Task statement
Pictures in the listing below are skipped, while the lines from the "Beef à la Mode" line through the "A sunny street" line are returned word for word.
___ Extracted data
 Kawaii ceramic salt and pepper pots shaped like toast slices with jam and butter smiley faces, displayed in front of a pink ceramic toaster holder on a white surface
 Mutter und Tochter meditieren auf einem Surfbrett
______
___ Extracted data
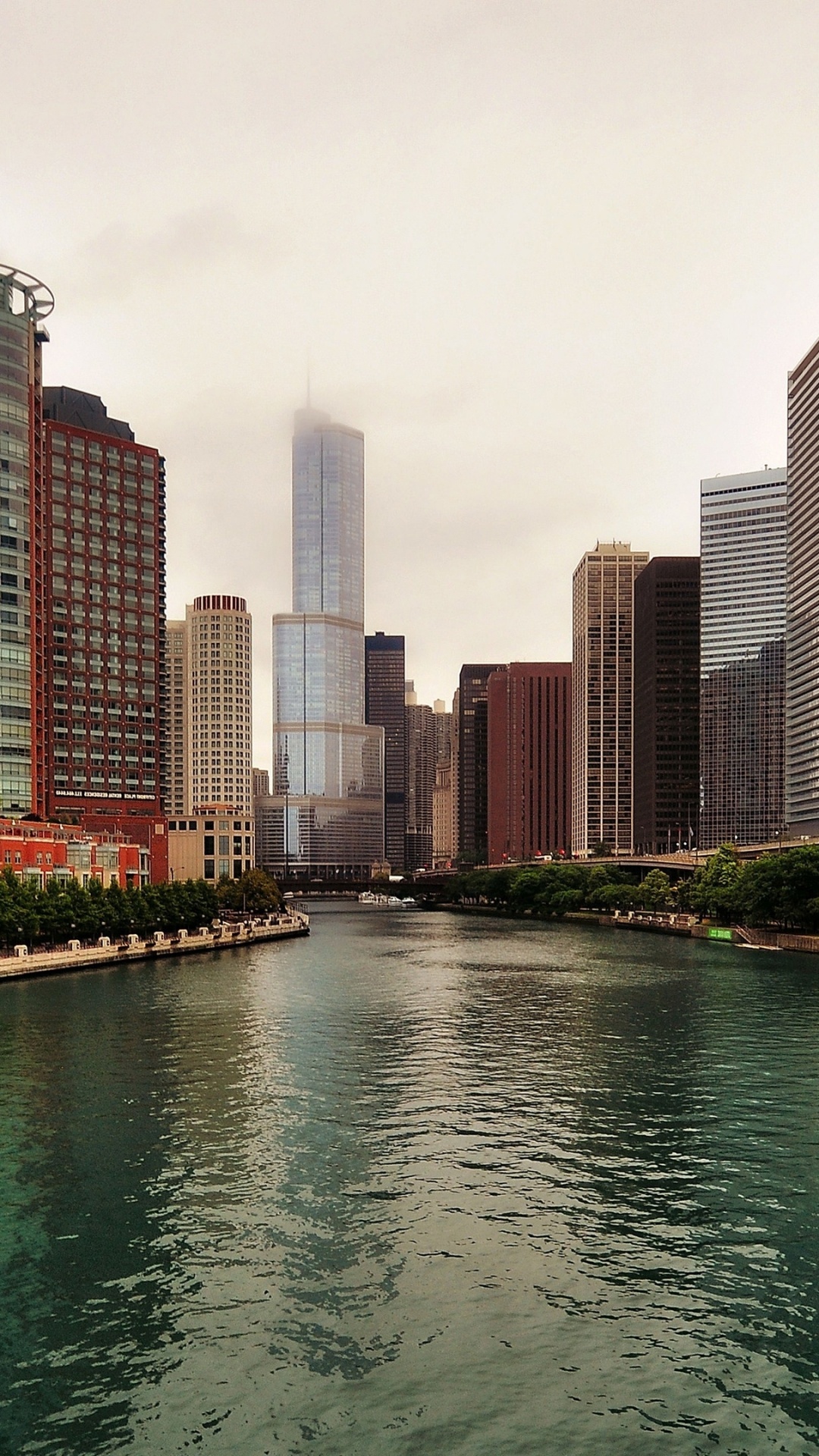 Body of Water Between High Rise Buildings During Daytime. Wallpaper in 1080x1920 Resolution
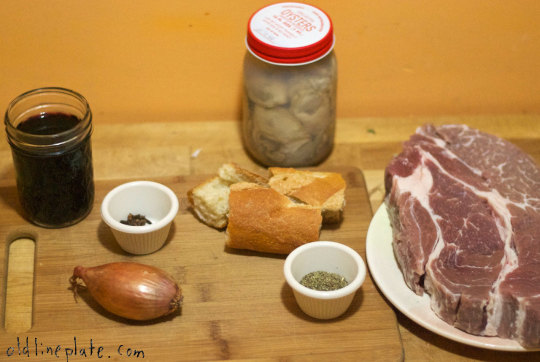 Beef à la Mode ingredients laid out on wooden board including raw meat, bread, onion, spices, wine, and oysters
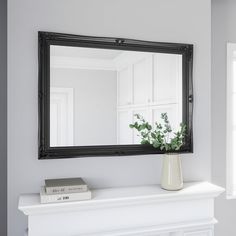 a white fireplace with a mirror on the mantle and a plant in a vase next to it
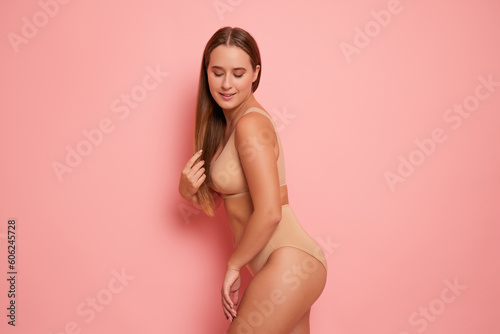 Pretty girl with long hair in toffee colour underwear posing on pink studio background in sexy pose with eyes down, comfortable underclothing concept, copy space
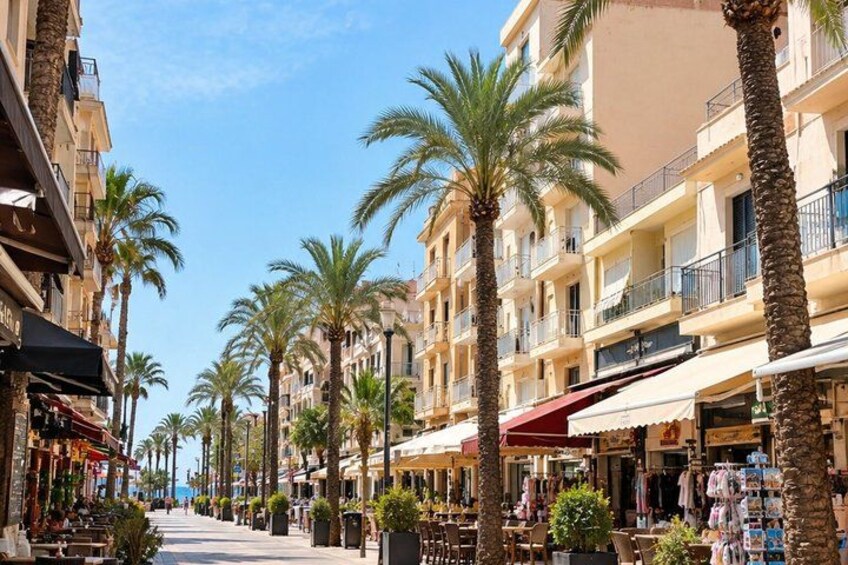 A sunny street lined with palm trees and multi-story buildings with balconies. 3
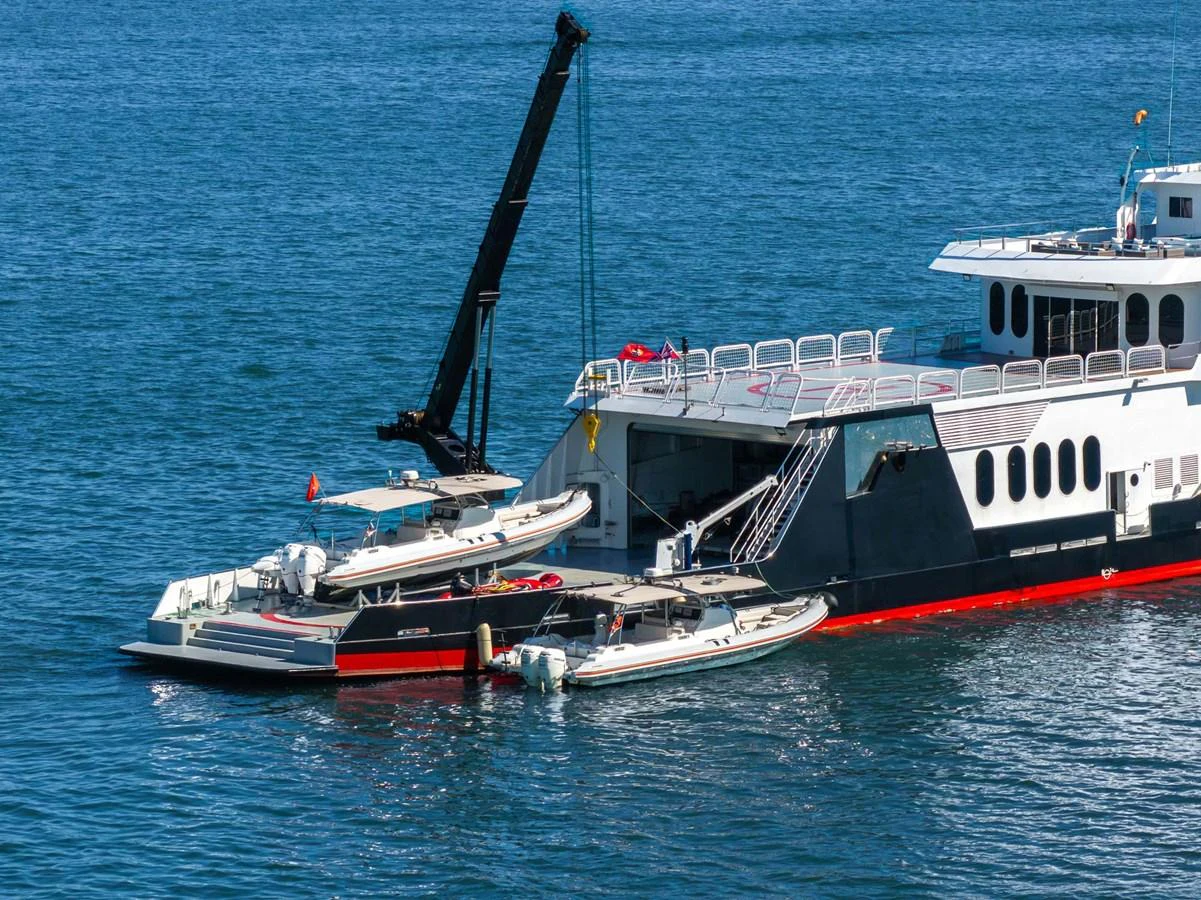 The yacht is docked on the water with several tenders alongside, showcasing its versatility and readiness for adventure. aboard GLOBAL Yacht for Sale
______
___ Extracted data
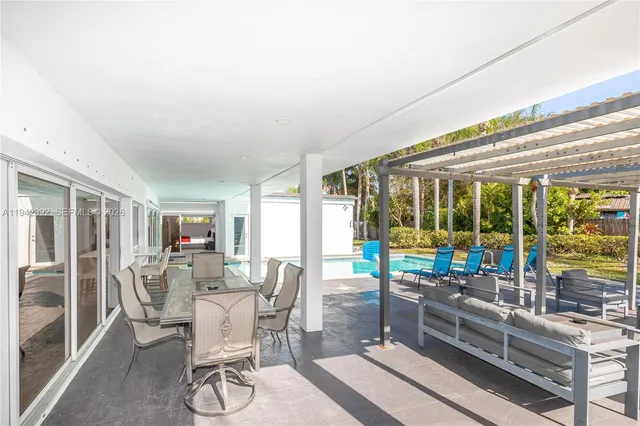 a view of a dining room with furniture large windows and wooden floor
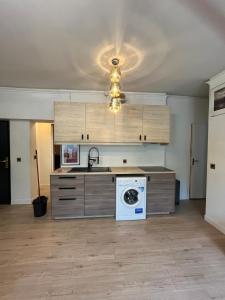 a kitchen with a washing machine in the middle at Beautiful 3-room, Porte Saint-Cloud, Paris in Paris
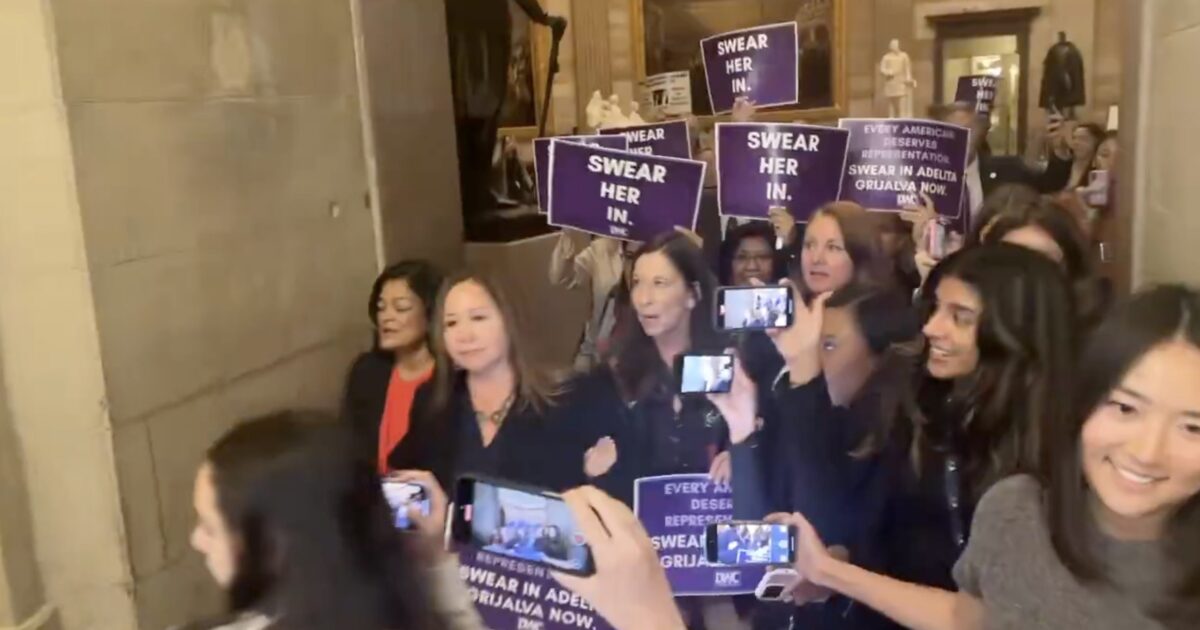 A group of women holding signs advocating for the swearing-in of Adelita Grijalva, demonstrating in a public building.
______
Solved problem
 Beef à la Mode ingredients laid out on wooden board including raw meat, bread, onion, spices, wine, and oysters
 a white fireplace with a mirror on the mantle and a plant in a vase next to it
 Pretty girl with long hair in toffee colour underwear posing on pink studio background in sexy pose with eyes down, comfortable underclothing concept, copy space
 A sunny street lined with palm trees and multi-story buildings with balconies. 3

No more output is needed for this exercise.